◆ **Your goal**: Copy nothing but the lines below running from the line containing "Jenn-Air W10379137A manual" through the line containing "Set of 3 framed", both end lines included.

(Beginning of Records provided)

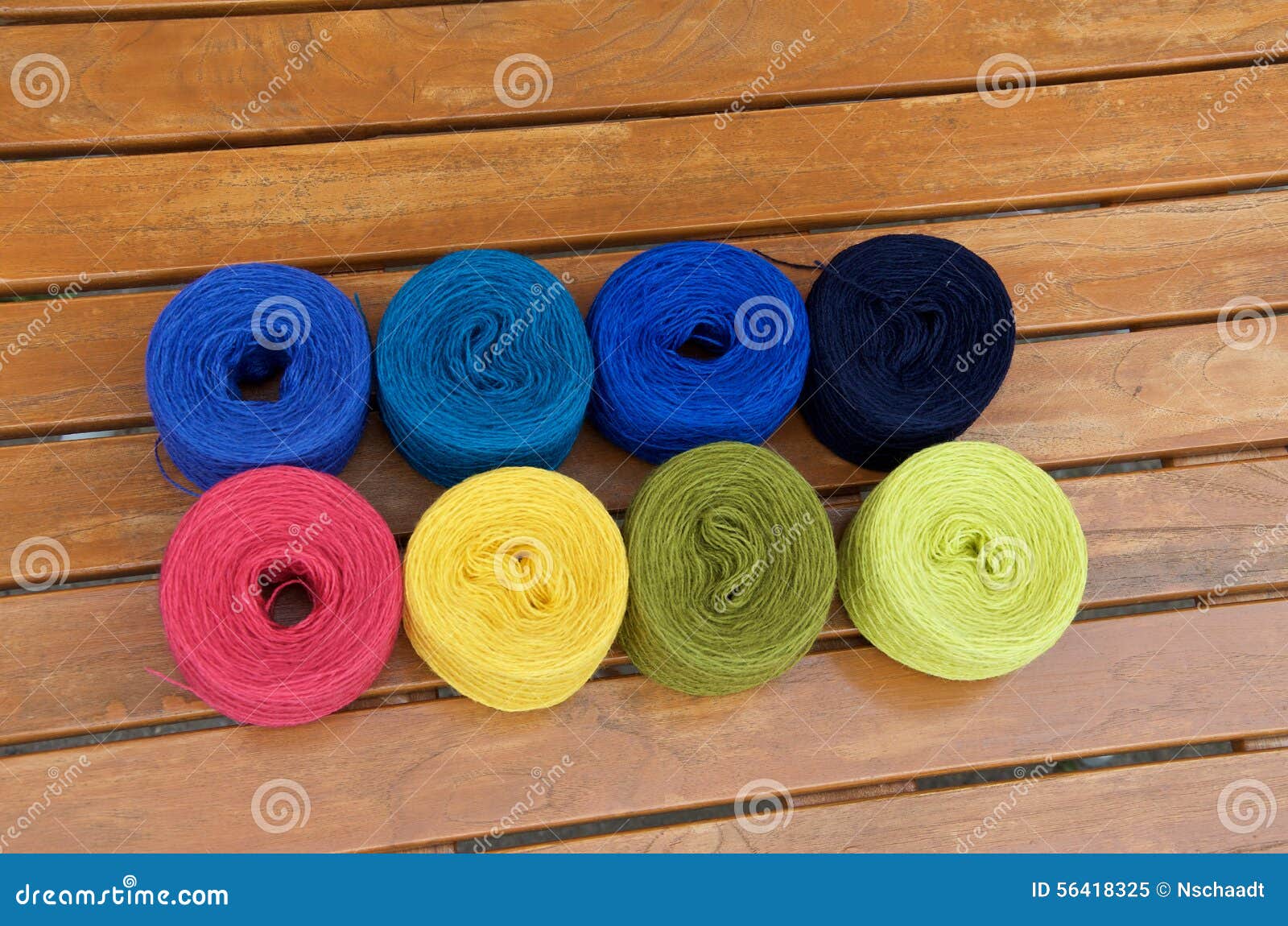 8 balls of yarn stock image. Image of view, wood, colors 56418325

(End of Records provided)
(Beginning of Records provided)

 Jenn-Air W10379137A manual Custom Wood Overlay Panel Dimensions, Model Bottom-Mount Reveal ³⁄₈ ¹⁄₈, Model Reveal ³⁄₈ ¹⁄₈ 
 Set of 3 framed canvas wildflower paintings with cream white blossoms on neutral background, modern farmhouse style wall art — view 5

(End of Records provided)

◆ **Result**:
 Jenn-Air W10379137A manual Custom Wood Overlay Panel Dimensions, Model Bottom-Mount Reveal ³⁄₈ ¹⁄₈, Model Reveal ³⁄₈ ¹⁄₈ 
 Set of 3 framed canvas wildflower paintings with cream white blossoms on neutral background, modern farmhouse style wall art — view 5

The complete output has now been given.